TASK STATEMENT — Retype the line with "GFS model - Estados" exactly. Then retype every line after it through the end of the entries below, and nothing more, leaving out pictures.

RECORDS FOR PROCESSING —

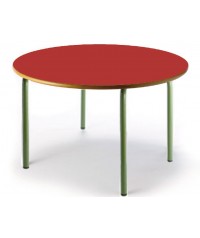 Mesa redonda 120 cm. de ø. Patas verdes - 54 cm. de alto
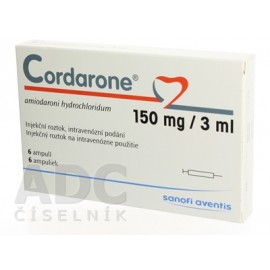 Кордарон (Cordarone) раствор для иньекций 150 мг/3 мл, 6 ампул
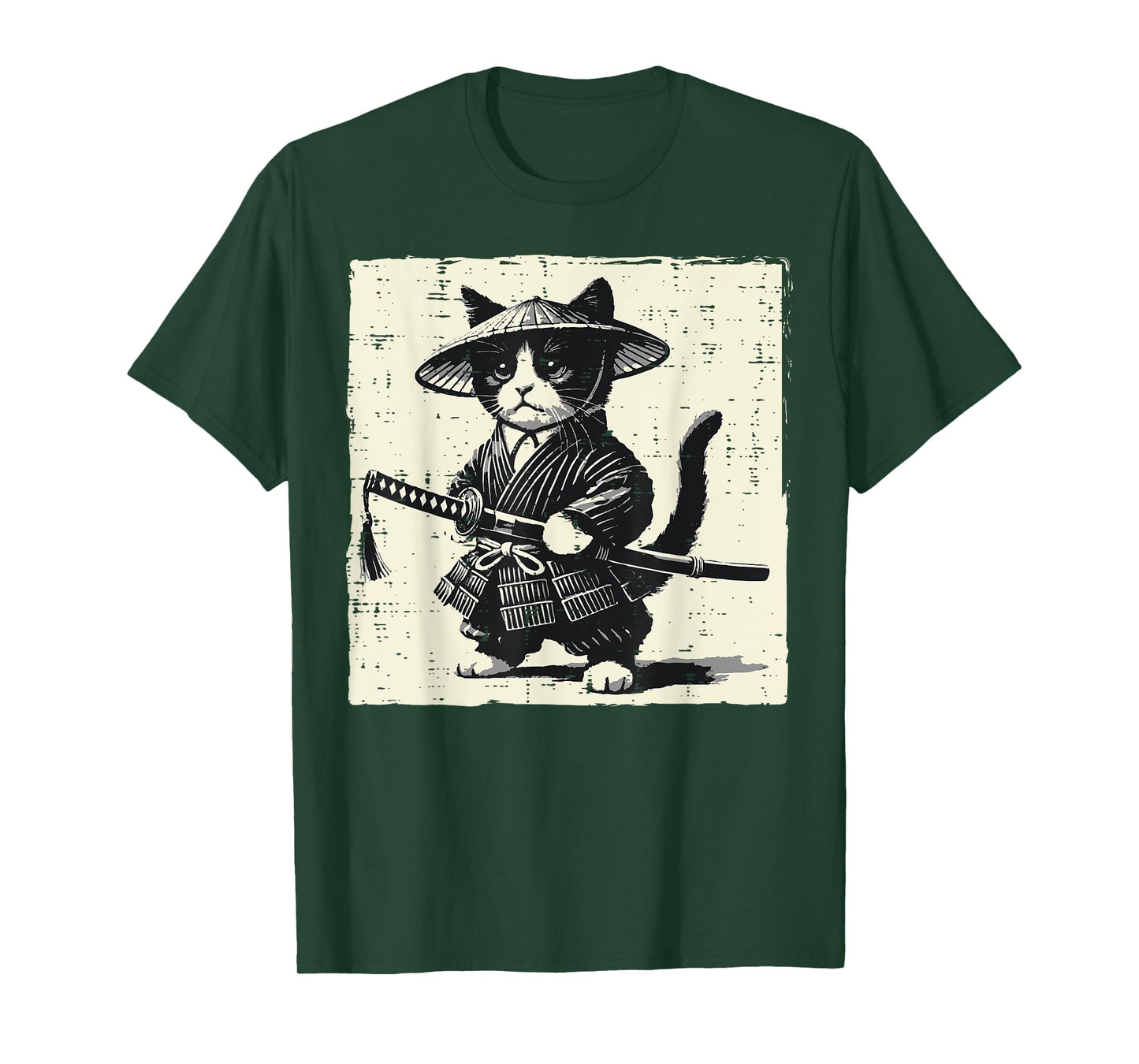 Japanese Cat Samurai Kimono Vintage Warrior Women Kids Men T-Shirt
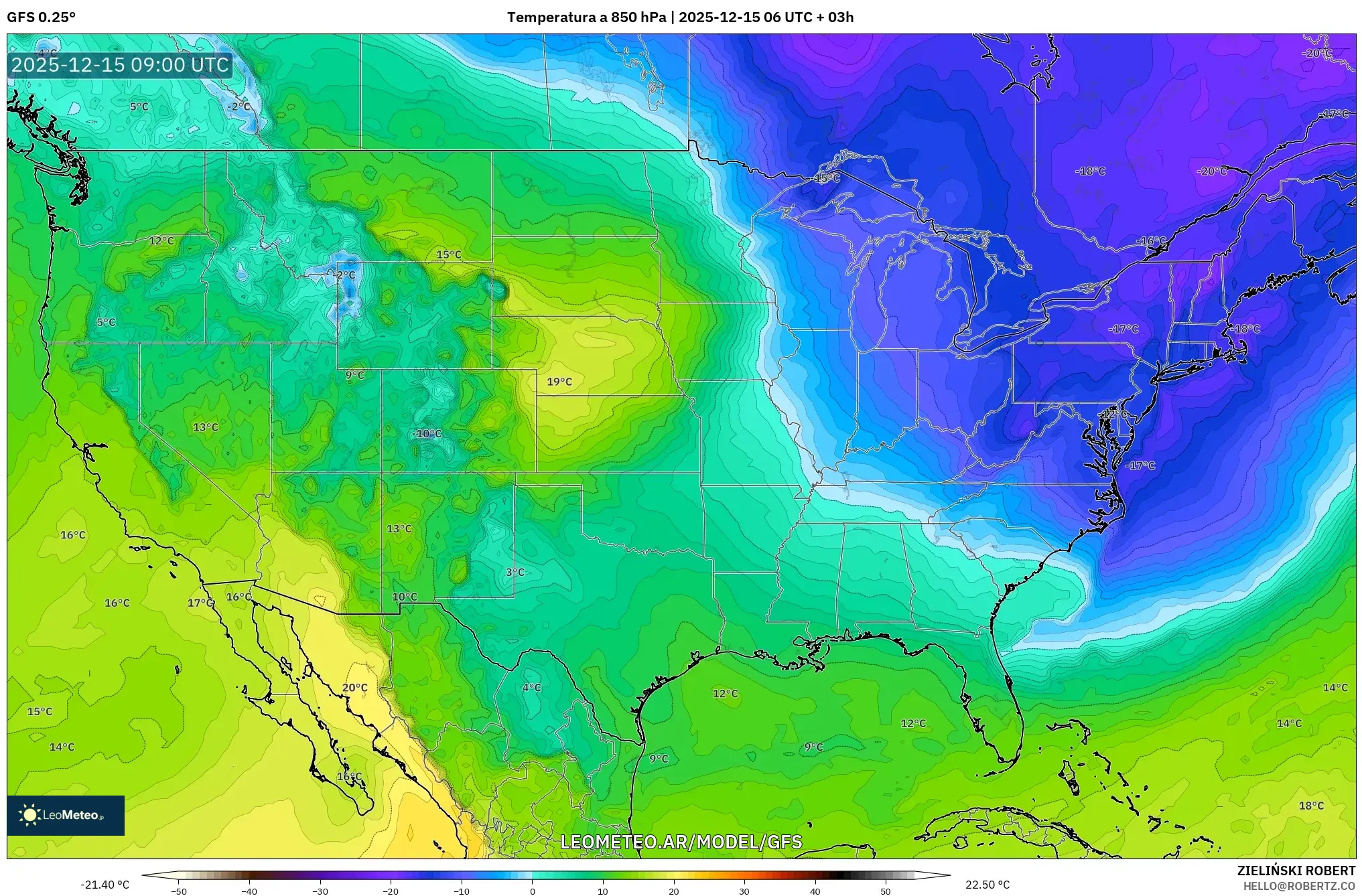 GFS model - Estados Unidos, Temperatura a 850 hPa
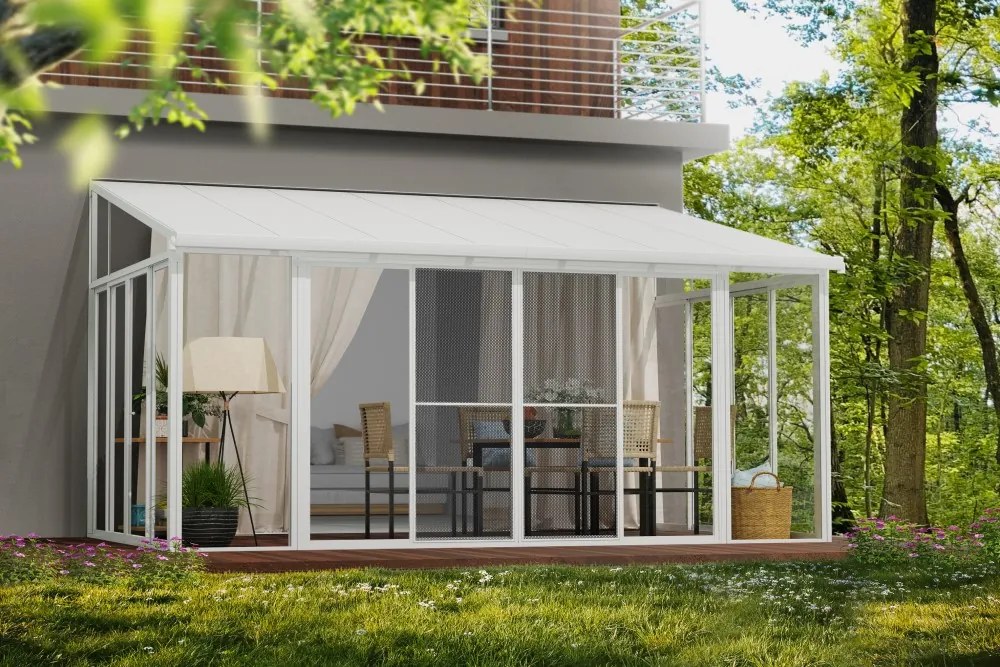 Tuinkamer Veranda Sanremo Palram - Canopia 3 x 5,4 m wit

RESULT —
 GFS model - Estados Unidos, Temperatura a 850 hPa
 Tuinkamer Veranda Sanremo Palram - Canopia 3 x 5,4 m wit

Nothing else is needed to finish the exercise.